Good on Amanda McLaren

I was privileged to be part of a very different driving event with Amanda McLaren 25 years ago, taking a Honda Civic around the coast of Britain to set a new petrol fuel economy record.

It was led by 'Mad Scientist' Dr Shigheru Miyano together with members of the S800 & Honda drivers' clubs plus a Kiwi contingent, including Amanda.

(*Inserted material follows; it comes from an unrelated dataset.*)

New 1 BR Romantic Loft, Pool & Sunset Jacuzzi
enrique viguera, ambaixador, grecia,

We made it into the Guinness Book of Records (with 78.9 mpg) in a Civic VEi which was a standard factory model - apart from the papaya orange paintwork which, I hear, may make a welcome return to McLaren's F1 cars in 2017. Good on Amanda McLaren for upholding the heritage of the team her father created.

Malcypoos 5 February 2017

Great pics......

Best one is of chooky bird in front of McLaren.
289 5 February 2017

I cant see the point.....

....of shipping 31 McLarens to a country with a rigorously enforced 62mph sleep limit. Pretty though it might be.
Ryan Bane 6 February 2017

289 wrote:

289 wrote:

....a country with a rigorously enforced 62mph sleep limit. Pretty though it might be.

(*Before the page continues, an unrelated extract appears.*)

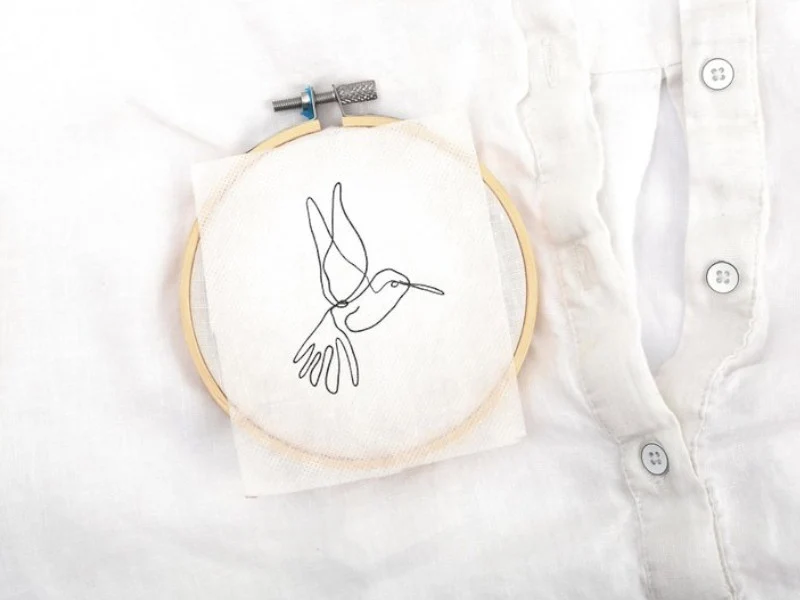 Kit de broderie sur vêtement - Line Art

Over 60000miles of roads and barely a thousand traffic enforcers in NZ. Pick your time and place, pretty low risk of being caught. Otherwise plenty of tight and twisty roads where 60-65mph is still a lot of fun. Not forgetting the extraordinary scenery in the South Island.

289 6 February 2017

@ Ryan Bane

Agreed fine scenery but you don't need the cost of shipping a McLaren there to enjoy.
At 60 mph any hire car will do the trick at a fraction of the cost of shipping.